Some embodiments may include a netlist partition simulation. In these embodiments, groups are generated, such as the aforementioned channel-connected regions and/or the like. The groups may be partitioned by, for example, for each wire that is used as a gate, a flooding algorithm is run until it reaches VDD/VSS or another wire that is used as a gate. The result of the flooding algorithm is the identification of all the nets found inside the same group. While the flooding algorithm is operating, all of the inputs to that group may be identified. Furthermore, a graph of (partitioned netlist) groups may be built in topological sort order. This graph can have loops for net merged cases. If nets are merged, the groups containing the merged nets also merge, and there is still a topological order on how to evaluate the graph of groups. This is because net merging and DC-based restructuring can create loops within groups, where these groups are the channel-connected regions discussed previously. A graph that contains loops does not have a topological order, and the truth tables cannot be determined by the topological order of where transistors appear relative to PWR and GND. Instead, the flood-fill algorithm is iterated from PWR, and from GND and if a loop is encountered, that loop is followed to determine if a contradiction exists. If a contradiction exists, the final circuit state depends on the specific timing, and a more substantial simulation, such as a Spice simulation or the like, may need to be performed. If there is no contradiction, the circuit state does not depend on timing.
Some embodiments may include simulated net merging and/or non-simulated net merging. Simulated net merging may include identifying which nets can be net merged based on their truth table from state analysis. For each net merging opportunity involving either the PUP or PDN of N groups, the PUP or PDN is separated into two parts. For PUP, the primary part includes all the transistors from VDD to the target net, and the secondary part includes the remaining transistors from the target net to the output net. A same or similar process is performed for PDN. To check if net merging could remove transistors, removal of the primary part of one group is attempted and all the groups involved in this net merging opportunity are re-simulate. If the truth table does not change, then those transistors in the primary part can be removed. The non-simulated net merging may involve the first and second heuristic embodiments discussed previously.

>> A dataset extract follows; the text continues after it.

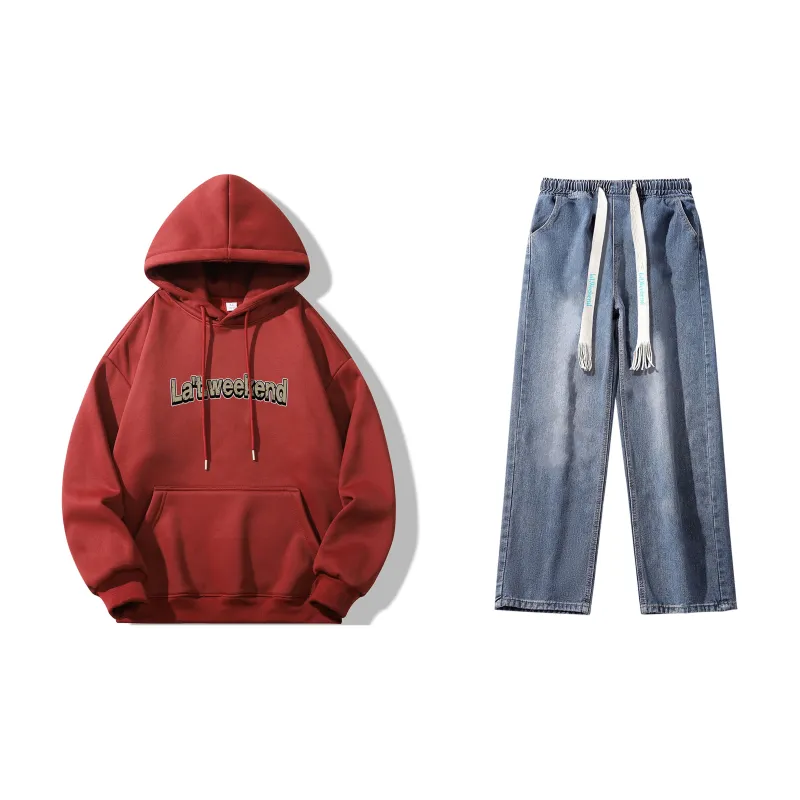 LA'T.WEEKEND Sweatshirt Set Unisex-37
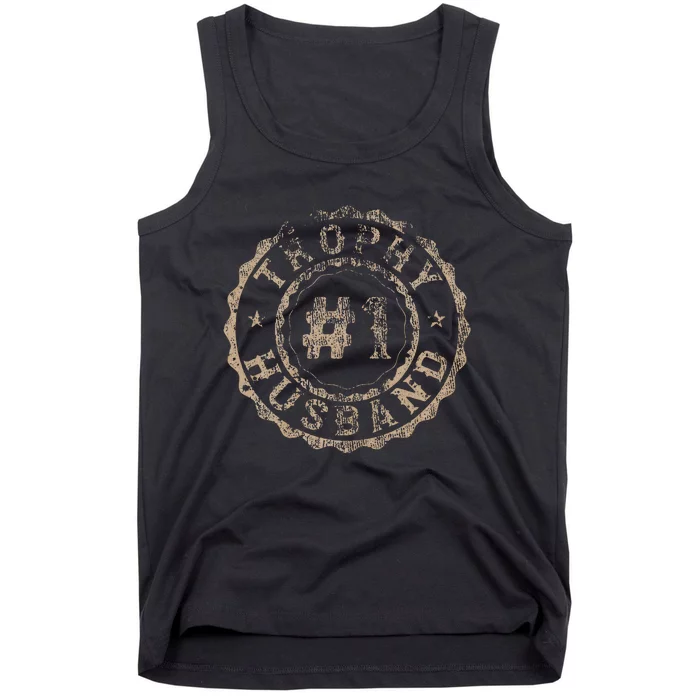 Distressed Husband Gift Trophy Tank Top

Some embodiments may include sharing simulation(s), which may include replacing a VDD/VSS to an internal net and still keeping the same behavior.
Additionally or alternatively, some embodiments may include conditional net merging simulation(s), which may include adding a transistor between two stages in a way it can speed up the charge of a signal (potentially an output).

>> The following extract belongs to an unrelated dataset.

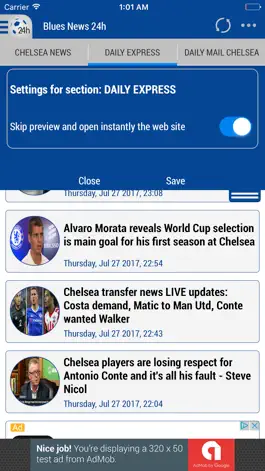 Game screenshot 24h News for Blues apk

Some embodiments may include flooding simulation(s), which may include, for a given group of transistors being operated on, propagating the signal from VSS/VDD through the nets. Each time a net is updated, that net is put in a stack to propagate it later. This may provide for the identification of the net that was least updated. The flooding simulation(s) may be the simplest simulation mechanism, but it can be slower than other approaches.
Some embodiments may include sequential simulation(s), which may include initially detecting all the paths from VSS/VDD to a target net by running a DFS algorithm. While doing that, merge all the paths into a sequence, so if a subpath is shared between two paths, then it does not need to be simulated multiple times. Each net in a sequence may be simulated and propagated at a time.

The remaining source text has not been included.